Not much to speak of for the rest of the week. Wed was a good massage, working on my quads and such. Tight, but they loosened up. Then a very nice yoga session.


Saturday, April 26, 2014

Transplant Trot

I know a few people that have been transplant recipients or donors. One of the most remarkable stories I know of is my buddy Sophia. It turns out that when she needed a kidney, her husband was an eligible donor. Imagine the odds! That was 8 years ago now. Her life has changed in so many ways I can barely enumerate them, but they start with life itself. She might not still be here without that transplant.

Today was the first run event for transplants, and since she took up running a while ago, it's no surprise she wanted to take part. So what if it was snowing? There she is in the middle of the pack.

Here is my cheering partner today. There were bells. There were matching pom-poms. To say nothing of coffee and cameras. Go here to see the matching one of me and many others, should you be so inclined. 

Here is Sophia booking it to the finish. If the camera had fired a fraction of a second sooner, she would have both feet off the ground for sure. Michelle has video, not sure where it's been posted. Maybe later.
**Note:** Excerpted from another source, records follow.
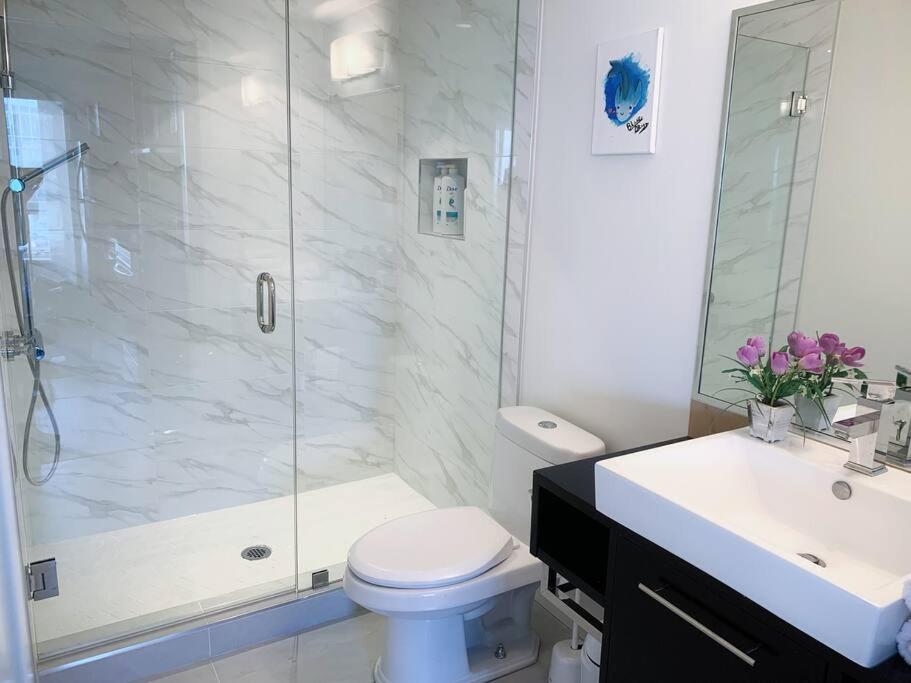 Downtown 3Br/2Ba+Views+Skytrain+Free Parking Daire Vancouver Dış mekan fotoğraf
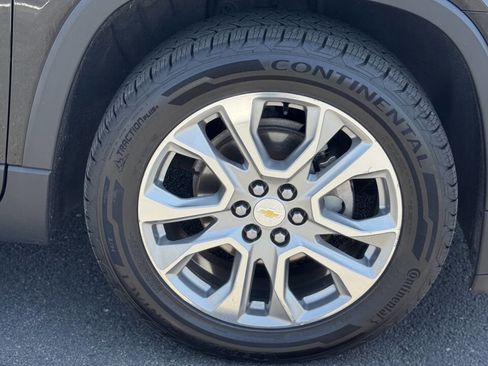 Used 2018 Chevrolet Traverse LT FWD image 17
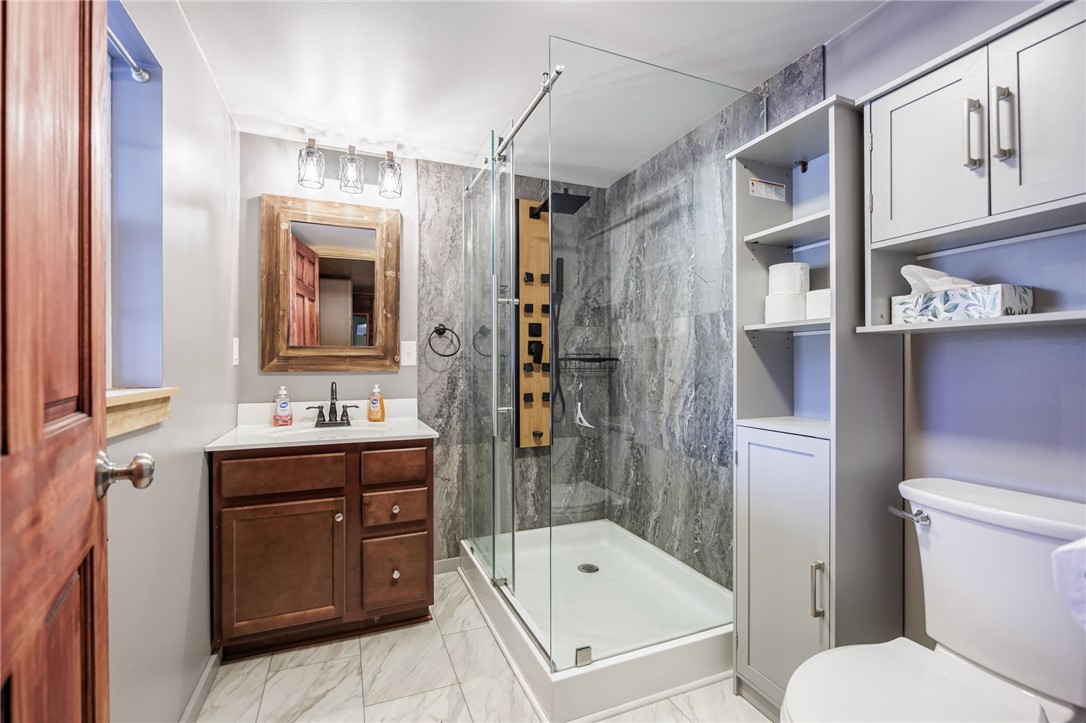 3989 Dean Road Marion, NY 14505 - Photo 7 of 30 1st Floor Full Bath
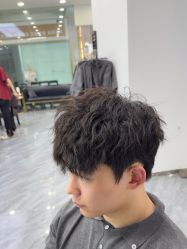 -藤野造型烫染·漂发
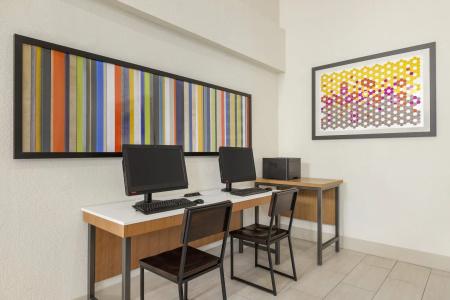 Holiday Inn Express & Suites Sarasota East, An Ihg - 10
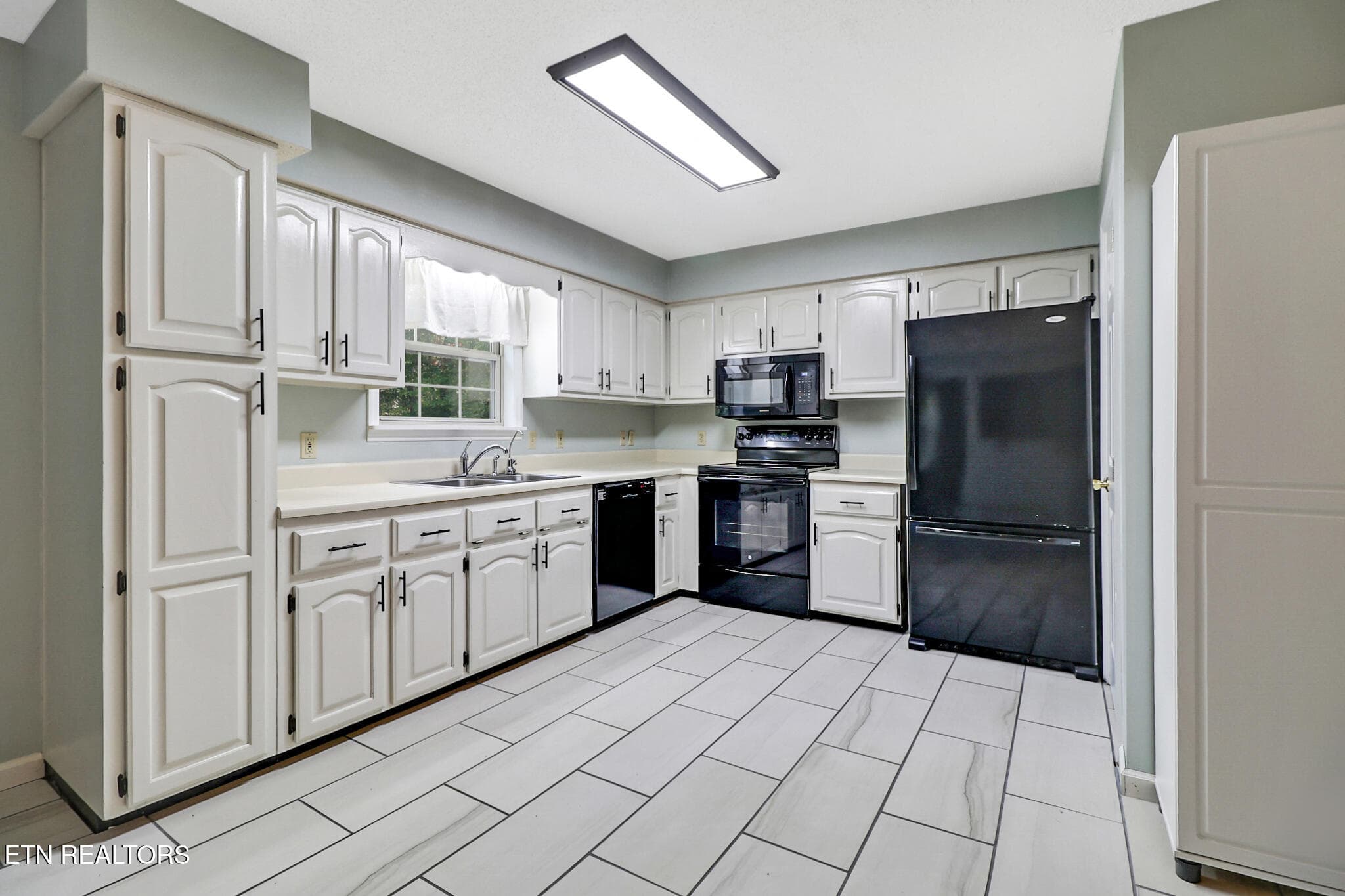 Kitchen - 118 Robin Hood Drive, Crossville, TN 38555, Crossville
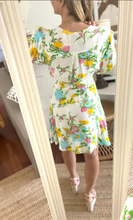 Load image into Gallery viewer, Size 6 FAITHFULL THE BRAND White Yellow Flower Short V Neck Puff Sleeve Dress
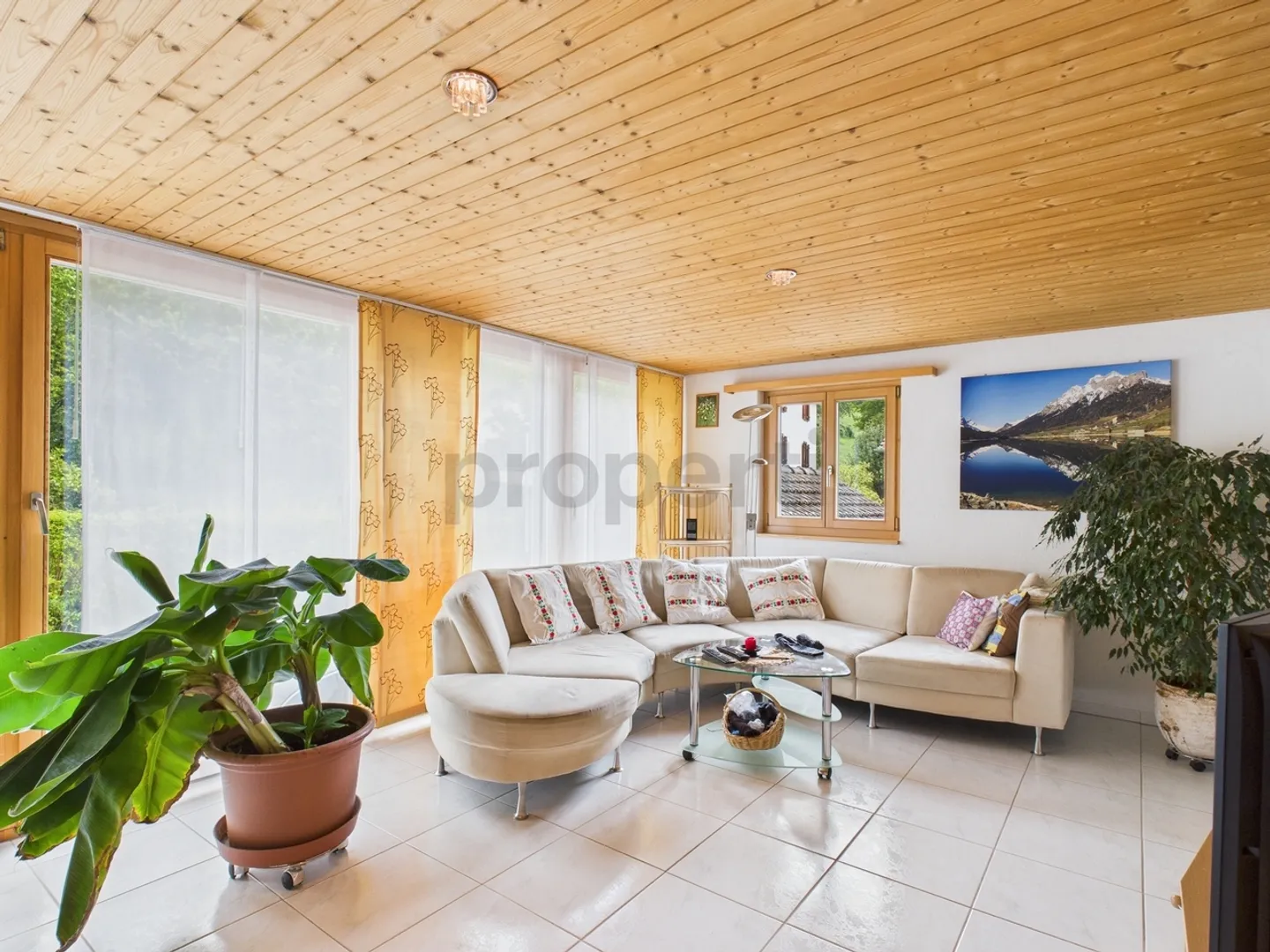 Maison résidentielle et de vacances de 5,5 pièces à Cazis avec beau jardin et abri séparé - Photo 1 sur 13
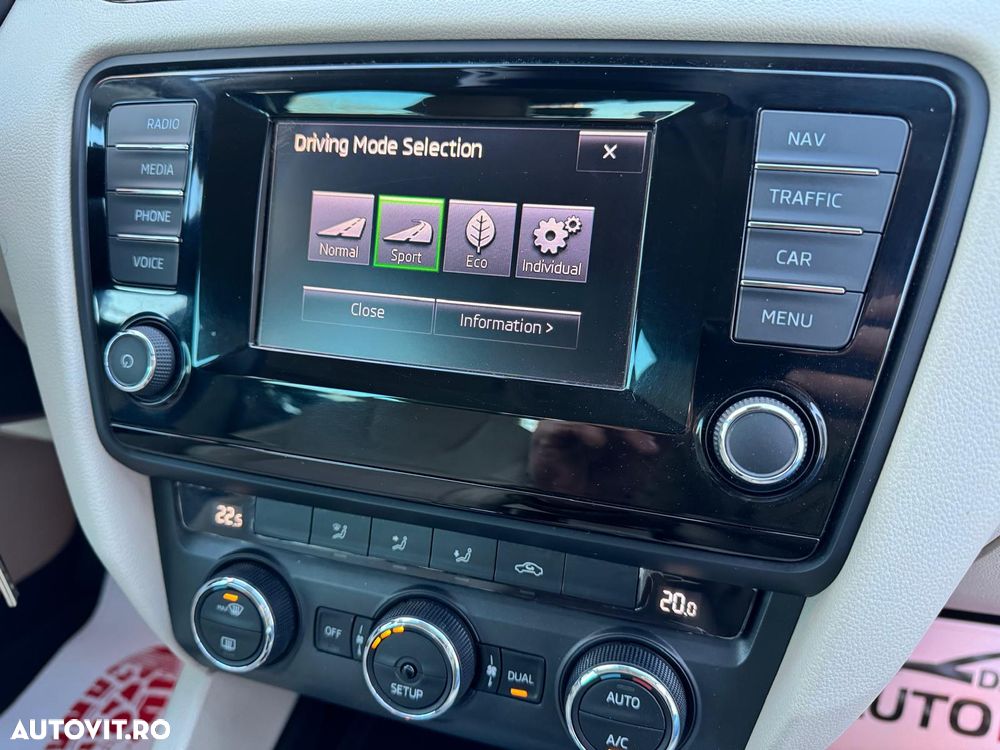 Skoda Octavia 1.6 TDI DSG Style - 24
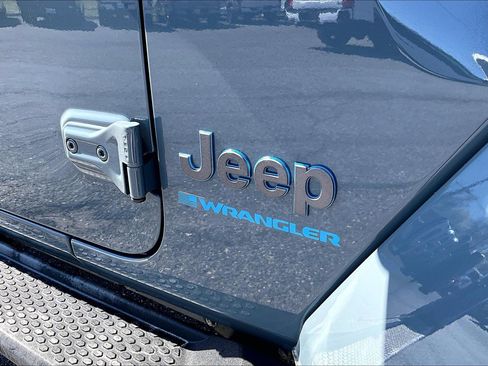 Used 2024 Jeep Wrangler Sport S image 8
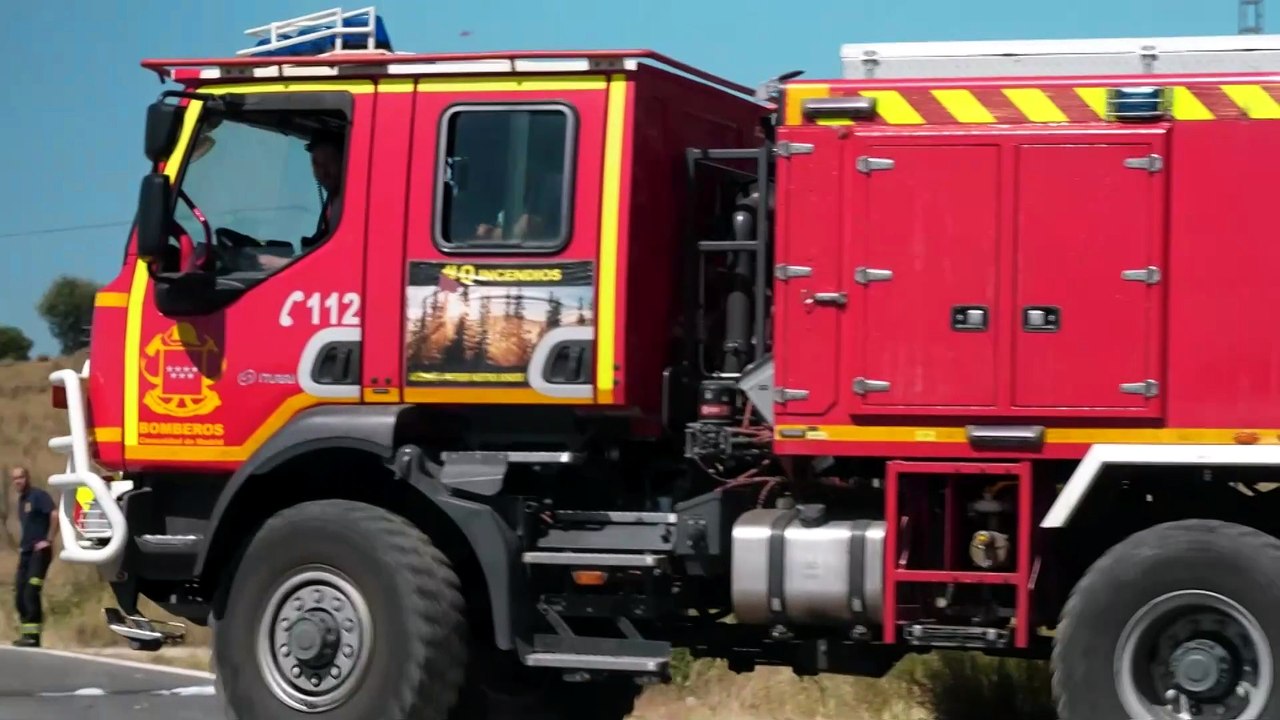 El incendio de Lozoyuela evoluciona favorablemente y ya no hay poblaciones confinadas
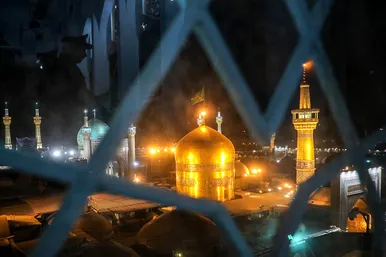 آیین سنتی نقاره نوازی سحرگاهی در حرم مطهر رضوی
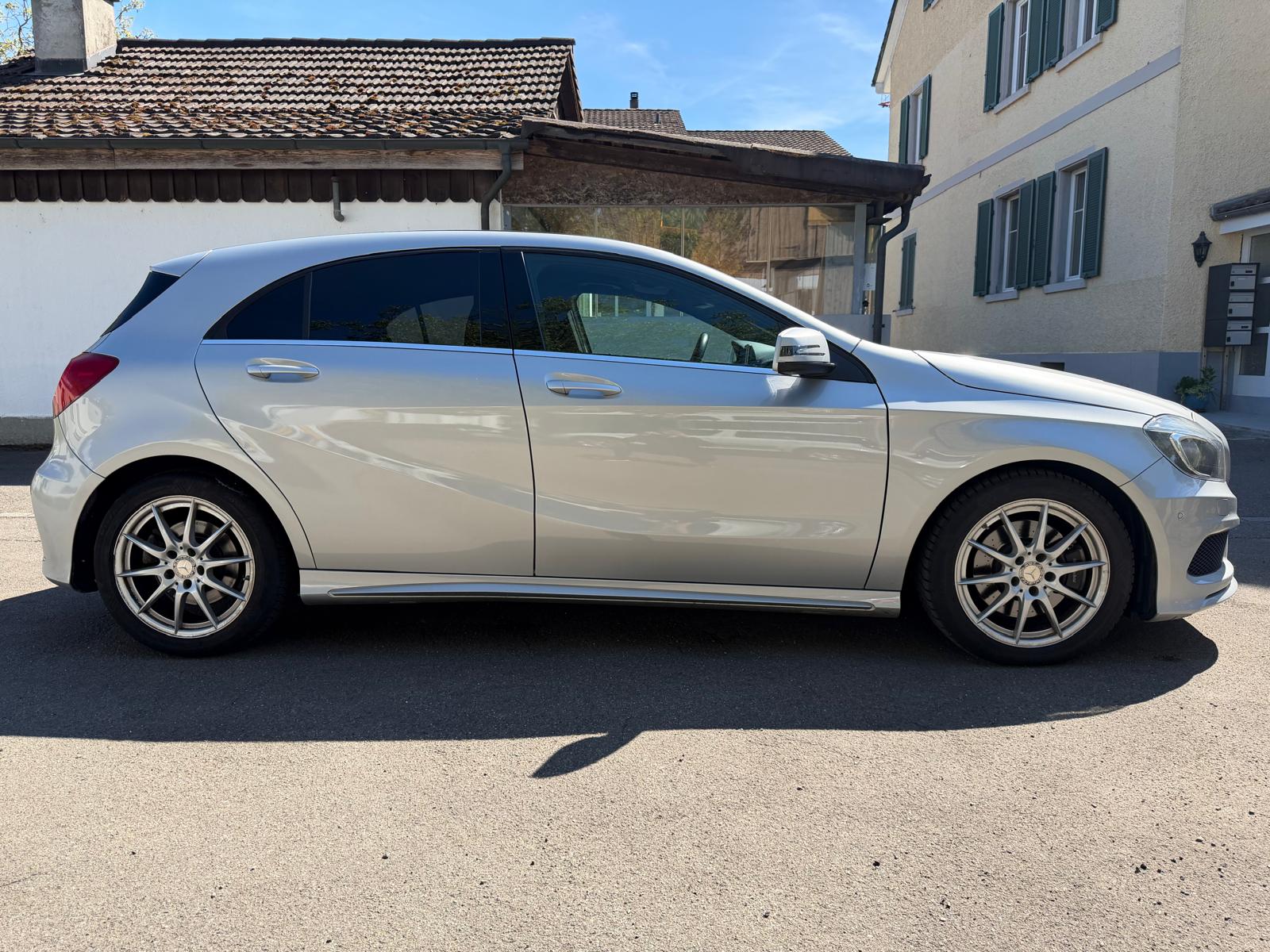 MERCEDES-BENZ A 250 AMG Line 4Matic 7G-DCT-showroom-element-3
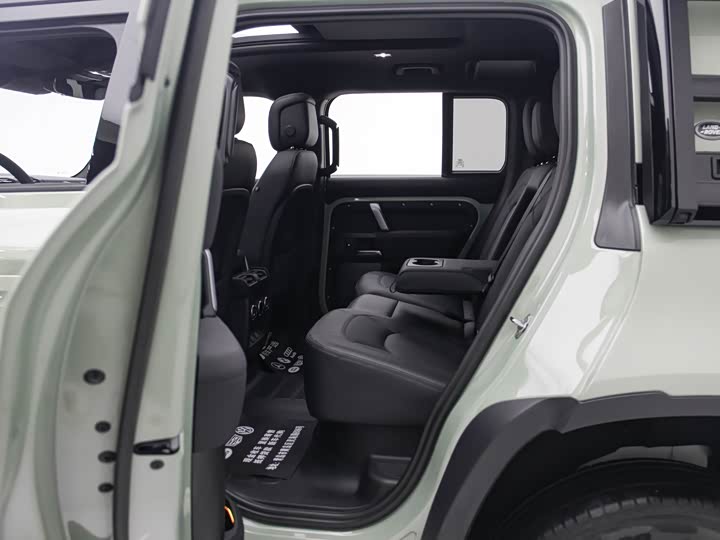 Фото 12 - Land Rover Defender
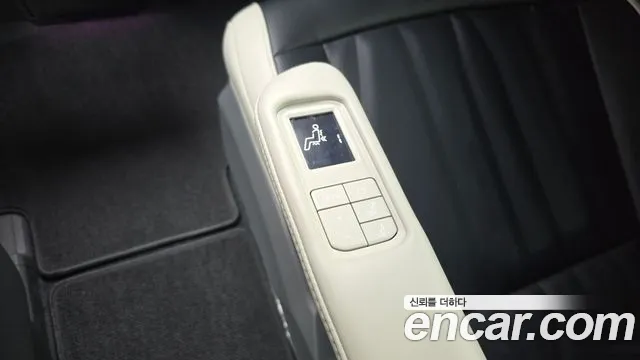 Kia EV9 2023 thumb 9
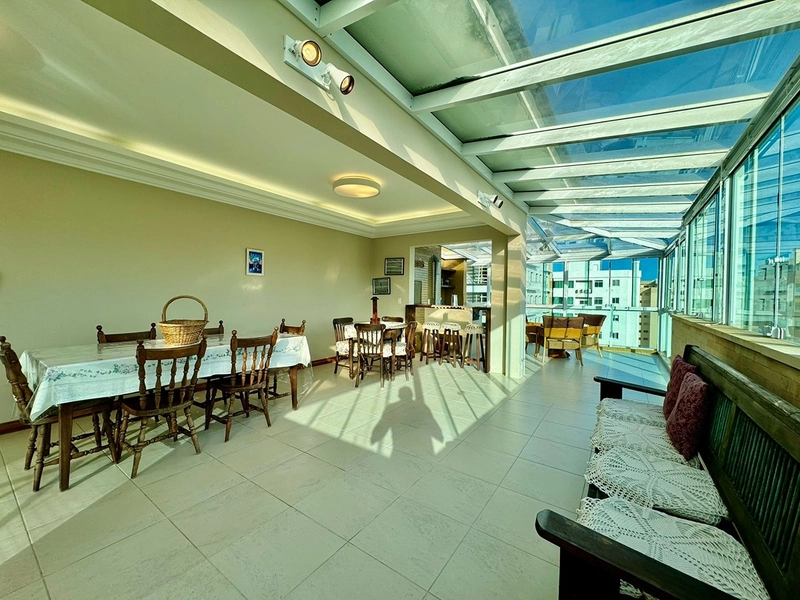 Cobertura Duplex Mobiliada em Capão da Canoa: 4ª foto da galeria de imagens do imóvel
It was a wet and soggy day out there. One girl came in with the entire back half of her pants covered in mud. Sophia just had a tasteful amount of splashing. I didn't get a photo, but many people had a cute little patch of snow on their hats or hair just at the centre of their forehead.

You can't really see how muddy her shoes are. As we were driving home we could see where some of the run path was, and I'm glad I wasn't there.

We sat and chatted after the race, having a wonderful time! At one point Michelle was talking about the various issues with cameras, and that one of them wouldn't even turn on. There they are laid out, and just as I gook the picture the one camera turned on and pushed up the lens after having sat there quite some time.

 I've signed some paperwork in my wallet about organ donation, but that doesn't seem to be good enough anymore. The Alberta government has a new website up to register. I took a quick look, and plan to go back and get properly registered. I urge you to consider it as well.

Which leads to another thought. I fail to understand why we need the registry in the first place. It ought to be the standard practice upon death to use whatever material can be salvaged. After all, they're dead and don't need it anymore. If you don't want that to happen, then you should be the one going through the hoops to prevent it. A living registry makes sense, I guess, in that it's a way to match up a willing donor to someone in need.

In other news I'm feeling much better. My cold is gone, yay! Sophia wants to run 18 K with me after the Police half tomorrow, but I don't know. My quad and knee are still feeling a bit funny after some of the furniture moving on Wednesday. I think I'll head downstairs to do some stretching.

Yes, it's a spring snowstorm out there, which is kind of typical here. Lots of people complain, but I don't really mind. It's all moisture into the ground, and Alberta tends to be a dry place. When it isn't flooding.